Records shown:
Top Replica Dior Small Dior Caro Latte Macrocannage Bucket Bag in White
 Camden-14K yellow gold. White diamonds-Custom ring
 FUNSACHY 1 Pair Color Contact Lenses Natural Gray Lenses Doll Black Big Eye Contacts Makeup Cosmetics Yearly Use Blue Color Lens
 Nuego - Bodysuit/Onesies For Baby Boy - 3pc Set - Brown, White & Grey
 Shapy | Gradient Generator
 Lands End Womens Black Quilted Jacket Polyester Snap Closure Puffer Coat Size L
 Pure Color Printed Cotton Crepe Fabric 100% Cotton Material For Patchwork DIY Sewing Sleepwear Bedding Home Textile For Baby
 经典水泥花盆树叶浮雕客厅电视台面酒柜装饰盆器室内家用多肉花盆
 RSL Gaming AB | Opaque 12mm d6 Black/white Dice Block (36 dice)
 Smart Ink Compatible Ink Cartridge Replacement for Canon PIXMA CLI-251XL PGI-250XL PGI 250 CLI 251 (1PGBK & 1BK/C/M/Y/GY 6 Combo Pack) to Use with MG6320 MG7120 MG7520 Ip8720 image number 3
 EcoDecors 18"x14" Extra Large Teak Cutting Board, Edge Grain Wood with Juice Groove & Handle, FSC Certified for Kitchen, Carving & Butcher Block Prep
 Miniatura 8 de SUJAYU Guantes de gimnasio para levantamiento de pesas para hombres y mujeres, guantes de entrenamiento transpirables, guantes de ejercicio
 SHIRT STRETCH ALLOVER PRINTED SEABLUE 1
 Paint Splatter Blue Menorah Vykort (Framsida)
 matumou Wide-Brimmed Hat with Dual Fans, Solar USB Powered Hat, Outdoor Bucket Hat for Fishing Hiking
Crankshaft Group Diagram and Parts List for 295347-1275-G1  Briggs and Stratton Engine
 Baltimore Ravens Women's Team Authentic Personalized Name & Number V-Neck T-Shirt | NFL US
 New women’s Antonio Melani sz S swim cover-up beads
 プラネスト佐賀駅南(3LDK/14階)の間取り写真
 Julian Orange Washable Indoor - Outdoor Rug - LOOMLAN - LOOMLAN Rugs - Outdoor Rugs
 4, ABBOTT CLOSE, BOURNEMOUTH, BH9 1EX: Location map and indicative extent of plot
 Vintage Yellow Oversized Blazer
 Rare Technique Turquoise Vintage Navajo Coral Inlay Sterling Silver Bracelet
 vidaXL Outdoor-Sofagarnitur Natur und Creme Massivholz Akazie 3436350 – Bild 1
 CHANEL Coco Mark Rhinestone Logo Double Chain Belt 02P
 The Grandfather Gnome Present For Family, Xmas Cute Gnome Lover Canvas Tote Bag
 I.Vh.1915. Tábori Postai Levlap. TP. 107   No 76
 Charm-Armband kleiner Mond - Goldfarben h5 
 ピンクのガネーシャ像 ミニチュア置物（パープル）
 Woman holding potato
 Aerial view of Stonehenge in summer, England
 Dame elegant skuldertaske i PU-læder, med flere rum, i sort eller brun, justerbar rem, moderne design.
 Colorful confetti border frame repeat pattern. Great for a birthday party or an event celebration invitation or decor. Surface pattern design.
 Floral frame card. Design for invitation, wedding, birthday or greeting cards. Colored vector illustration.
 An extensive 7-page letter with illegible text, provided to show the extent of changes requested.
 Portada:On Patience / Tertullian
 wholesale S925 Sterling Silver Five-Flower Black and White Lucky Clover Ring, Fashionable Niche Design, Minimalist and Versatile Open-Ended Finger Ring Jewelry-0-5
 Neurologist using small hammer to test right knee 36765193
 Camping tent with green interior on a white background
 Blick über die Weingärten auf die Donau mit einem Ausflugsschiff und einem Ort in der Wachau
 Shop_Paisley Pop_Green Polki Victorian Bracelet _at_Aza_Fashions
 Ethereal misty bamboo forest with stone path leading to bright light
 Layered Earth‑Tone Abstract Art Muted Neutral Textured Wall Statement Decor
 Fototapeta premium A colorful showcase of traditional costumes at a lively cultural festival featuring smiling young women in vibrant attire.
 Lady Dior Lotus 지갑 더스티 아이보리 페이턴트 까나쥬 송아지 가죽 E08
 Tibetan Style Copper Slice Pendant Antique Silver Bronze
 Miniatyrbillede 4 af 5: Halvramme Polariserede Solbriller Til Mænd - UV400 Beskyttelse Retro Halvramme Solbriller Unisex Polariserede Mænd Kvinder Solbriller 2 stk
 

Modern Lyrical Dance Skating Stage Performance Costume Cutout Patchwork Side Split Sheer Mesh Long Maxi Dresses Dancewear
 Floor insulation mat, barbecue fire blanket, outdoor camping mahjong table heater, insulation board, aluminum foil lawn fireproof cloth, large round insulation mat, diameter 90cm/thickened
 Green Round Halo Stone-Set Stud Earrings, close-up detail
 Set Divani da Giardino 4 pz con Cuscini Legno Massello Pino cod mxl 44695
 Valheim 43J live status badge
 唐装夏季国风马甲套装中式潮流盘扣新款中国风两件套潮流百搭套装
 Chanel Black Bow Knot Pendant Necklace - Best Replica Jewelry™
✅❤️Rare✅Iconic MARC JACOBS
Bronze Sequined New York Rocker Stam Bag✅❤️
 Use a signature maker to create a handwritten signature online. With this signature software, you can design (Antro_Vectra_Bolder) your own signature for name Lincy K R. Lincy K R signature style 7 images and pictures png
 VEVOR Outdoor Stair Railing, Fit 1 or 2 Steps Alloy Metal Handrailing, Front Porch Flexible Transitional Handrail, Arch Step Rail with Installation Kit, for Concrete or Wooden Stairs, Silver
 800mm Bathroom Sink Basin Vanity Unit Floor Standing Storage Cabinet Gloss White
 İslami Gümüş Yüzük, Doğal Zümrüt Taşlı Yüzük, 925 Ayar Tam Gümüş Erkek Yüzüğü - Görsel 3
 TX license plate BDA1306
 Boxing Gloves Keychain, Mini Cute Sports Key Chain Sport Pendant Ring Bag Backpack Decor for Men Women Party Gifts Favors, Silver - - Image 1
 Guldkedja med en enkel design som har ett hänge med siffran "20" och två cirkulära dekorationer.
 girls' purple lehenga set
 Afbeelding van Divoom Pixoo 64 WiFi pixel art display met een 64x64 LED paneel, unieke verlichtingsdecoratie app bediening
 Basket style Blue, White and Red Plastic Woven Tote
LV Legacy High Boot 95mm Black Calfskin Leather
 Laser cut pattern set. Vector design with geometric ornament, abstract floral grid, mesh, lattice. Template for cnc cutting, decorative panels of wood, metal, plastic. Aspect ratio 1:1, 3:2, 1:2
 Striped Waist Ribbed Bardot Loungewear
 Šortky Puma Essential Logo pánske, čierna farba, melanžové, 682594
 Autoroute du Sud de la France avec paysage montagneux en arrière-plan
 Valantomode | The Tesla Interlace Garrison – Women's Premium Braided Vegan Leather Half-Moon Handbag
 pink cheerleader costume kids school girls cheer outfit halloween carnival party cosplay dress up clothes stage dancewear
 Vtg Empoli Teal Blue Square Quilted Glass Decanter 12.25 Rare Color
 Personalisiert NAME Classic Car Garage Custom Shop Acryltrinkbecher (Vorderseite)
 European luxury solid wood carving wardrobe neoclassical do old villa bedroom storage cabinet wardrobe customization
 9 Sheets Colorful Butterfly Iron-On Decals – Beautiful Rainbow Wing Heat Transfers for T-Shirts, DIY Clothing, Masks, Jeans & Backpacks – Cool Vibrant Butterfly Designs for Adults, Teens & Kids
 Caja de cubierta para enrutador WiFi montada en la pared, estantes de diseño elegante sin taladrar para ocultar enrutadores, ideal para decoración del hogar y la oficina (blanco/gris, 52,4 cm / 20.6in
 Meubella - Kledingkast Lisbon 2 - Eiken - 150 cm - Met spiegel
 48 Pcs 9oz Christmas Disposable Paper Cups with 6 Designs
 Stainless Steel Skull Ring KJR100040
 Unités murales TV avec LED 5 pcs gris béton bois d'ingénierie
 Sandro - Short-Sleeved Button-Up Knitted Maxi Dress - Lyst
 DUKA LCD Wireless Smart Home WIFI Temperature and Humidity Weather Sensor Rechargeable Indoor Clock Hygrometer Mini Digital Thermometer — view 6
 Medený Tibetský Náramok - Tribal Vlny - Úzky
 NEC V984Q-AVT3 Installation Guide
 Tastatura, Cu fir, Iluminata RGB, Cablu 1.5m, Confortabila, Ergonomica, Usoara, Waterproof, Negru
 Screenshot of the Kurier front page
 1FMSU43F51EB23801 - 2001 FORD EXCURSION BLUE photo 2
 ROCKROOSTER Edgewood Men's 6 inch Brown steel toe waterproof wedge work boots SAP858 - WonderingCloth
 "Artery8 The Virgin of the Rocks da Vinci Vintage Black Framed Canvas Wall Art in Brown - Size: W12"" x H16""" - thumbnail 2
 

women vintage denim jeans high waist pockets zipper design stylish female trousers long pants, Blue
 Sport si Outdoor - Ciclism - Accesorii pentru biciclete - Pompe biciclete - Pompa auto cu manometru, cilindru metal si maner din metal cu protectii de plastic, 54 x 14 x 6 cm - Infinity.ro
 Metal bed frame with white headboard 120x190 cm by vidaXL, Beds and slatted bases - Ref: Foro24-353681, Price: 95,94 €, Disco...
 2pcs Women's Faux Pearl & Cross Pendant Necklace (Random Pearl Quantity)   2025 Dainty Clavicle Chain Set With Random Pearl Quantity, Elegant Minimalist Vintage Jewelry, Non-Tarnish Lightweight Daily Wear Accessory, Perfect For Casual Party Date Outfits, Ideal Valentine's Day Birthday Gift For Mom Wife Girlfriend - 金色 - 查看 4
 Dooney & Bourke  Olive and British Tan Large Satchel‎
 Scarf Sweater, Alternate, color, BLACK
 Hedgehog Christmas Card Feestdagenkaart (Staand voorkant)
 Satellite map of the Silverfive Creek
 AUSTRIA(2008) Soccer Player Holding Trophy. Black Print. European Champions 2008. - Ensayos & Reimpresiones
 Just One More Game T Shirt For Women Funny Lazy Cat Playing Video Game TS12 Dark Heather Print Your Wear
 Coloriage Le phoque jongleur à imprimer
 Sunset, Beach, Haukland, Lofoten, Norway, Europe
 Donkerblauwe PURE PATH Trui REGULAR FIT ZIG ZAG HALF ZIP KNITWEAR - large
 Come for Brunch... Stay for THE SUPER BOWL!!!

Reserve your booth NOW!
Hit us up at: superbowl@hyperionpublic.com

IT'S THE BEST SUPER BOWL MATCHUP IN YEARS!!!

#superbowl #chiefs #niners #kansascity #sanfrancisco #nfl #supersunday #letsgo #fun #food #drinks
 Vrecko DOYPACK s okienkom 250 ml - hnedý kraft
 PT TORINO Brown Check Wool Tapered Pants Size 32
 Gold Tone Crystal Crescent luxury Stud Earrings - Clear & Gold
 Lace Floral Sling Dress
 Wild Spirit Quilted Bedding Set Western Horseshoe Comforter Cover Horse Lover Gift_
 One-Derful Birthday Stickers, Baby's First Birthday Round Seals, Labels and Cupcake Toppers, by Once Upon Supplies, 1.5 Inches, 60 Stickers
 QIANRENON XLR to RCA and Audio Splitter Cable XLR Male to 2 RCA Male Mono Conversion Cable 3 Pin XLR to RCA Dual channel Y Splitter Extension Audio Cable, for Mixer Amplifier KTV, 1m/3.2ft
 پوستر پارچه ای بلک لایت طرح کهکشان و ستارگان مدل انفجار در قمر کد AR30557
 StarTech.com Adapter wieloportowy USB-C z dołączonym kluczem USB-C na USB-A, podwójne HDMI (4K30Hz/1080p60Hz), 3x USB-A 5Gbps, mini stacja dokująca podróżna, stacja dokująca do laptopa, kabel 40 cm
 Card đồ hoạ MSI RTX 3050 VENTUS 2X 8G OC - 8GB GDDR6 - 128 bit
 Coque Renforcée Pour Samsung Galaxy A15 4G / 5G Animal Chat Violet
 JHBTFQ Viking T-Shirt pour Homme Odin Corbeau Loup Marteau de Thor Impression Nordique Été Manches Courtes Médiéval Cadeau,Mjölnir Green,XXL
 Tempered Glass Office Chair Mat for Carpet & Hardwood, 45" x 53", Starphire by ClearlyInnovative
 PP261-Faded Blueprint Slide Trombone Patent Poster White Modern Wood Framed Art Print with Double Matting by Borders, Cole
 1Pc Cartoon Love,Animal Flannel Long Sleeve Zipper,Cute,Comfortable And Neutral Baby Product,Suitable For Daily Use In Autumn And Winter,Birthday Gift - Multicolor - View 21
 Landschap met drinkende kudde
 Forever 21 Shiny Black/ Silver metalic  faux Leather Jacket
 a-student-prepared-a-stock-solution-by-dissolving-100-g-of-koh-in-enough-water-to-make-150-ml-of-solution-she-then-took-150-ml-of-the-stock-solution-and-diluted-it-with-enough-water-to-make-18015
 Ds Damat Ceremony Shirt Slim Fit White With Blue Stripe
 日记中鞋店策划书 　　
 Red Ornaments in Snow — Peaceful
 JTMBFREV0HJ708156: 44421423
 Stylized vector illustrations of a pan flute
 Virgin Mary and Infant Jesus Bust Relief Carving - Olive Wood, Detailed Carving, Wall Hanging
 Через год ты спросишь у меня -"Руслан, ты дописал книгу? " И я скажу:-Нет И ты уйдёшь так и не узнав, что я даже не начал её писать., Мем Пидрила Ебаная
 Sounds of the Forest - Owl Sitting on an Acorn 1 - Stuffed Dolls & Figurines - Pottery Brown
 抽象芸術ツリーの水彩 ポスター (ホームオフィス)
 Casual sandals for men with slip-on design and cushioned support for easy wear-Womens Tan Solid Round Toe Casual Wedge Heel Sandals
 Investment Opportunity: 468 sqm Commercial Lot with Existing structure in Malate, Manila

Task statement: Scan the listing for the string "Double". Copy each line that has it.

Reply:
 CHANEL Coco Mark Rhinestone Logo Double Chain Belt 02P
 PP261-Faded Blueprint Slide Trombone Patent Poster White Modern Wood Framed Art Print with Double Matting by Borders, Cole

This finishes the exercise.